L'Etat devrait donc prouver que l'homme était déjà marié civilement au moment du mariage de 1999.
Liès Hebbadj tient une boucherie hallal dans le sud de Nantes et préside une association culturelle musulmane à Rezé, en Loire-Atlantique.
"Depuis six mois, il a la volonté de monter une mosquée sur la commune", a dit à Reuters Pierre Quénéa, adjoint PS au maire de Rezé. "Je ne peux pas dire que j'ai eu affaire à quelqu'un d'extrémiste. Mais M.Hebbadj a une double face: d'un côté, c'est quelqu'un d'affable, de gentil et de cordial; de l'autre, il y a des pratiques religieuses tout à fait différentes", a-t-il dit.
"HISTOIRES CLÉS EN MAIN"
L'enquête est encore en cours mais la gauche déplore un coup médiatique réussi de la part de la droite.

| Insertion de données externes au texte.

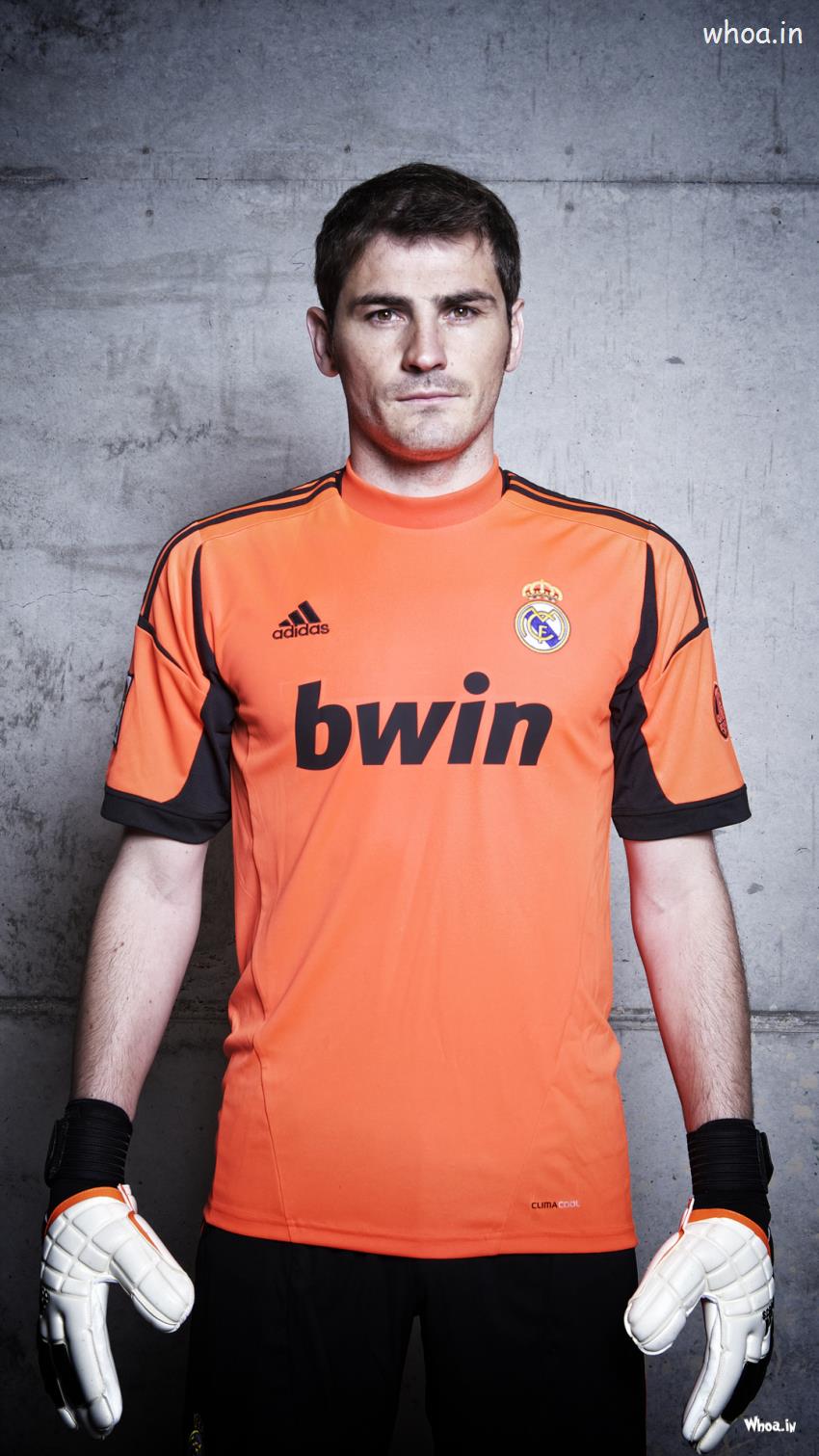 Iker Casillas In Orange T-shirt Hd Spain Goalkeeper - Goalkeeper With Short Sleeves - HD Wallpaper 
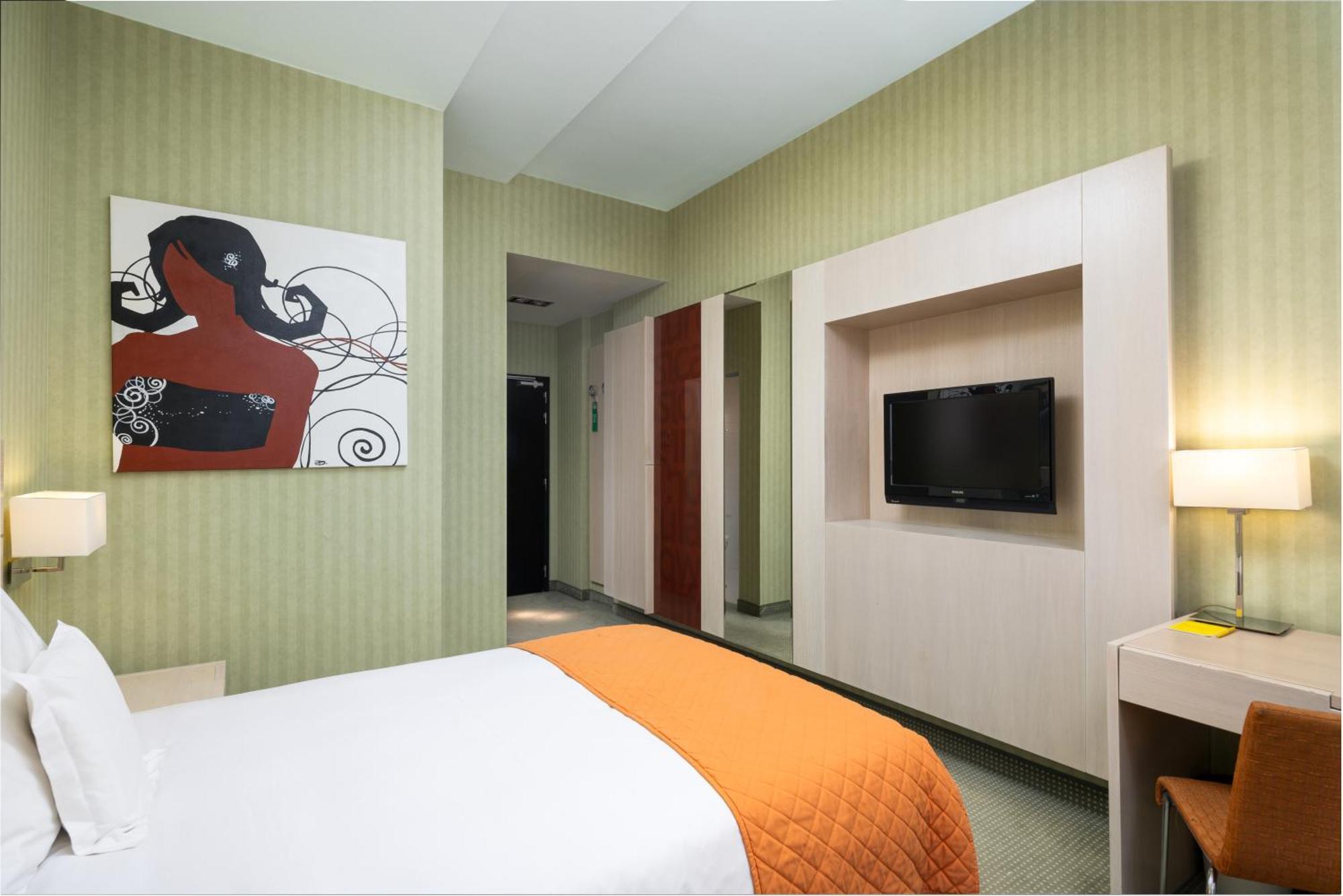 Hotel Golden Tulip Ana Tower Sibiu Luaran gambar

"Ce sont des très bons communicants pour monter des scénarios", a dit Julien Dray sur Radio J. "Ils sont capables de vendre des histoires clés en main auxquelles tout le monde adhère."
Le PS dénonce une récupération politicienne opportune, dans la foulée de l'annonce par le président Nicolas Sarkozy d'une loi interdisant le port du voile intégral dans l'espace public.
Le gouvernement a pris un risque juridique et politique en choisissant l'option de l'interdiction totale. Un sondage TNS Sofres paru samedi suggère que ce n'est pas une priorité des Français et qu'un tiers seulement des personnes interrogées se disant favorables à une interdiction totale du voile intégral.
Pour l'opposition, le gouvernement a allumé un contre-feu. La lettre de Brice Hortefeux à Eric Besson a été transmise à la presse et le conseiller en communication de Nicolas Sarkozy, Franck Louvrier, l'évoquait dès vendredi soir, sur son blog.
"Brice Hortefeux a tout à fait raison de mettre les pieds dans le plat", a dit Jean-François Copé sur Radio J, donnant aux socialistes le simple choix de cautionner la polygamie ou de donner raison au ministre.
"Le gouvernement prend une mauvaise voie, un mauvais chemin", affirme Julien Dray. "Il est en train de s'emballer, de construire un scénario de dramatisation d'une situation."
Selon le Journal du Dimanche, le Premier secrétaire du PS, Martine Aubry, a demandé aux siens de ne pas alimenter "la chronique de la burqa".
Stéphane Maugendre, président du Groupe d'information et de soutien des immigrés (Gisti), estime dans Le Parisien que "le gouvernement peut espérer un soutien inattendu à sa loi".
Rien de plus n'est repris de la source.